PROBLEM TO WORK ON: Return every line of the data that contains the string "Premium".

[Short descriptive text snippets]
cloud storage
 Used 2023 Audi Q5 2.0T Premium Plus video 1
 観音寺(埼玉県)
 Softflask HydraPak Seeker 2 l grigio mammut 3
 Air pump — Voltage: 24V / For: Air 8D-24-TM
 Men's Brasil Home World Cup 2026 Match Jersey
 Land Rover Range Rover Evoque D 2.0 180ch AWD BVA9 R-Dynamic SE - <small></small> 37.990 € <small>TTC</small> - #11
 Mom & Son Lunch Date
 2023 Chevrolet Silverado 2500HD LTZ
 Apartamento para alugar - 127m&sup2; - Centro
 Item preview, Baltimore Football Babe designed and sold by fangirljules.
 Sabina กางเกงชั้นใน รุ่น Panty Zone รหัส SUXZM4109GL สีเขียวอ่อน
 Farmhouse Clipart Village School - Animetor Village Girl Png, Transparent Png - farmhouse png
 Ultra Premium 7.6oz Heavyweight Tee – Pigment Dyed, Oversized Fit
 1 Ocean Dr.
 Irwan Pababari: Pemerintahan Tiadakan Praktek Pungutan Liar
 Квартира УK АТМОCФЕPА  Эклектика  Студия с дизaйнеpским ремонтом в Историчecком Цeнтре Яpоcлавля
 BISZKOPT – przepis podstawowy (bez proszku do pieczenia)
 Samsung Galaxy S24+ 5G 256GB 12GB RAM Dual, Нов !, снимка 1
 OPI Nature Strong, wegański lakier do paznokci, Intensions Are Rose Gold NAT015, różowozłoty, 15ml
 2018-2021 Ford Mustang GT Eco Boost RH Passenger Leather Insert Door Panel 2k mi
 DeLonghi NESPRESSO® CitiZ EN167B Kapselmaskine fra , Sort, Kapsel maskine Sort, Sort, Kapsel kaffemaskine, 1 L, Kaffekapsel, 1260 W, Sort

RESULT OF THE TASK:
 Used 2023 Audi Q5 2.0T Premium Plus video 1
 Ultra Premium 7.6oz Heavyweight Tee – Pigment Dyed, Oversized Fit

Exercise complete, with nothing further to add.